Data supplied →
- - -
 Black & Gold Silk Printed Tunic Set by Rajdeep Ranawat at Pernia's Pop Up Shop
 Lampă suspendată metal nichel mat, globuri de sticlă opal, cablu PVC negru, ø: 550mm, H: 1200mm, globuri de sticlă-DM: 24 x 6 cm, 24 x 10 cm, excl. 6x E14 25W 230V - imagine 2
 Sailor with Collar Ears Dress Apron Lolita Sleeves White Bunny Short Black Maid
- - -
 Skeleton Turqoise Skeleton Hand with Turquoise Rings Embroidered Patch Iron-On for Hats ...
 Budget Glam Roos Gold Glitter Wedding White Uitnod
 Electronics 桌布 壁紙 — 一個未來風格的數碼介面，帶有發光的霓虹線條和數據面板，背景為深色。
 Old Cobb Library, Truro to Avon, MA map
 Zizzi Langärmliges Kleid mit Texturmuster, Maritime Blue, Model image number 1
- - -
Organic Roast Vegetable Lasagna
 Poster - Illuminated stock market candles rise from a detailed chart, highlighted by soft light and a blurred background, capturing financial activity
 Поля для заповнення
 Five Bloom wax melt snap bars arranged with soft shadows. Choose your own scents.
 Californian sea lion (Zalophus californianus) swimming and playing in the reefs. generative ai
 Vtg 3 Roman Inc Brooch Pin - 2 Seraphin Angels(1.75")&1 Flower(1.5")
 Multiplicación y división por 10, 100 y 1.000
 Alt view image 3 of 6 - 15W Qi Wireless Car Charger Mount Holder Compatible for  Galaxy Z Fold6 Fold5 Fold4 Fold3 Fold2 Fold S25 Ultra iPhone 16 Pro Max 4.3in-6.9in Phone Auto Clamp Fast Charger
- - -
Exercise details → Above is a listing; print exactly its lines from the one with "Vtg 3 Roman" through the one with "Alt view image", and no other lines.

Result of the task →
 Vtg 3 Roman Inc Brooch Pin - 2 Seraphin Angels(1.75")&1 Flower(1.5")
 Multiplicación y división por 10, 100 y 1.000
 Alt view image 3 of 6 - 15W Qi Wireless Car Charger Mount Holder Compatible for  Galaxy Z Fold6 Fold5 Fold4 Fold3 Fold2 Fold S25 Ultra iPhone 16 Pro Max 4.3in-6.9in Phone Auto Clamp Fast Charger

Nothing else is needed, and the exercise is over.